Try it: All lines from the one that has "#israelmustpay" onward to the end of the records below are to be returned exactly; pictures are to be skipped.

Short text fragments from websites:
◆ ◆ ◆ ◆ ◆ ◆ ◆

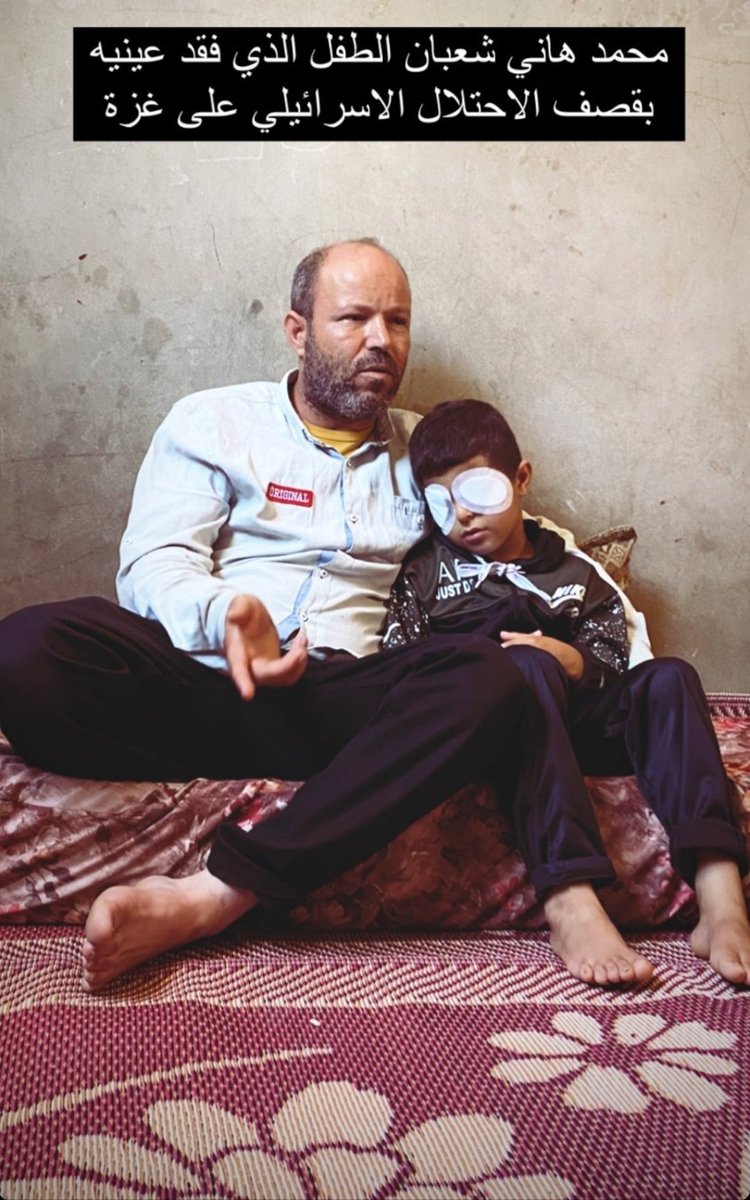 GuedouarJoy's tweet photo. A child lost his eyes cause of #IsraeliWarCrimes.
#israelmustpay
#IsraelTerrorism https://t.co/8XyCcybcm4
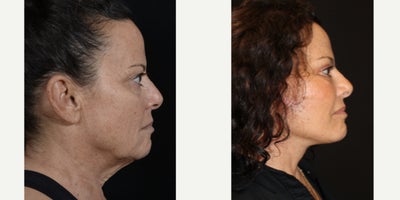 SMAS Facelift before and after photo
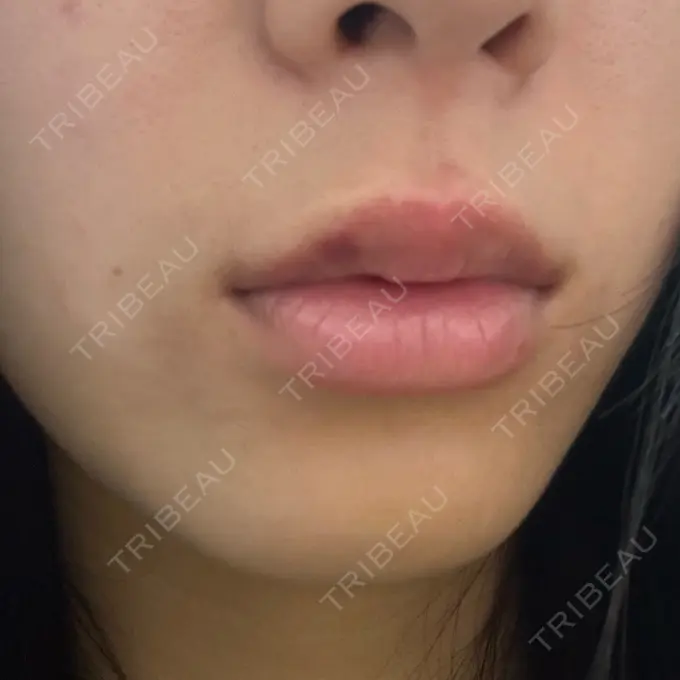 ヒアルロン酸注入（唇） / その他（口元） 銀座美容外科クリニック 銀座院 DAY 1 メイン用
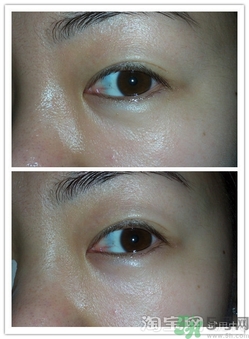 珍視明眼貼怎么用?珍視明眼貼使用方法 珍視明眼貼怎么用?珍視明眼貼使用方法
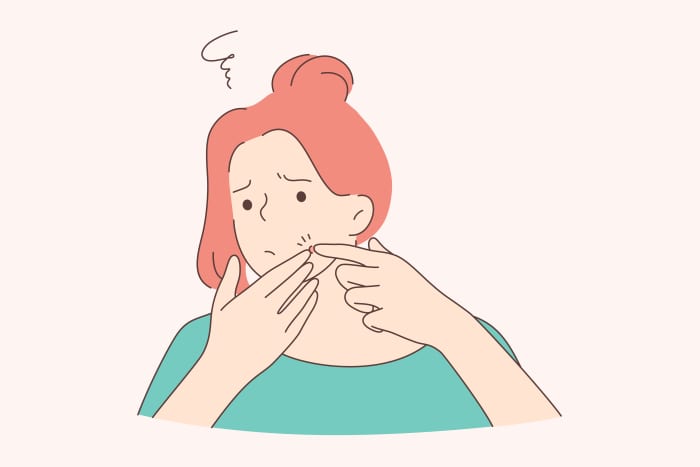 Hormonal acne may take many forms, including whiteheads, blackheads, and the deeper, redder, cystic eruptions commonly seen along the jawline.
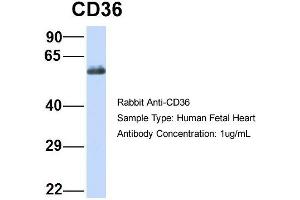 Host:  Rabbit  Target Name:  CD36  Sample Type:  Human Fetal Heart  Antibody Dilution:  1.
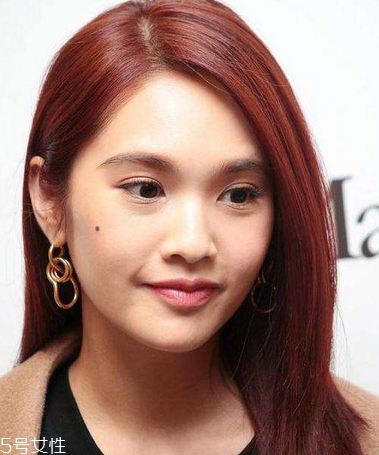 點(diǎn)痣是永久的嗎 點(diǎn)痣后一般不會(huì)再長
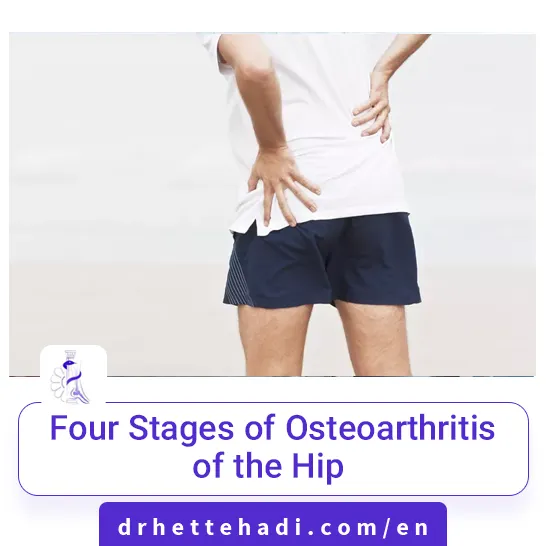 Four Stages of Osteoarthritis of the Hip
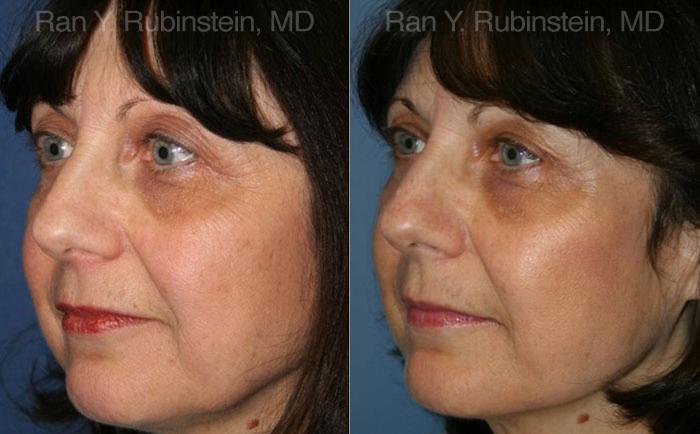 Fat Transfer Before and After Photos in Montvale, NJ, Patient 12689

◆ ◆ ◆ ◆ ◆ ◆ ◆

Response:
#israelmustpay
#IsraelTerrorism https://t.co/8XyCcybcm4
 SMAS Facelift before and after photo
 ヒアルロン酸注入（唇） / その他（口元） 銀座美容外科クリニック 銀座院 DAY 1 メイン用
 珍視明眼貼怎么用?珍視明眼貼使用方法 珍視明眼貼怎么用?珍視明眼貼使用方法
 Hormonal acne may take many forms, including whiteheads, blackheads, and the deeper, redder, cystic eruptions commonly seen along the jawline.
 Host:  Rabbit  Target Name:  CD36  Sample Type:  Human Fetal Heart  Antibody Dilution:  1.
 點(diǎn)痣是永久的嗎 點(diǎn)痣后一般不會(huì)再長
 Four Stages of Osteoarthritis of the Hip
 Fat Transfer Before and After Photos in Montvale, NJ, Patient 12689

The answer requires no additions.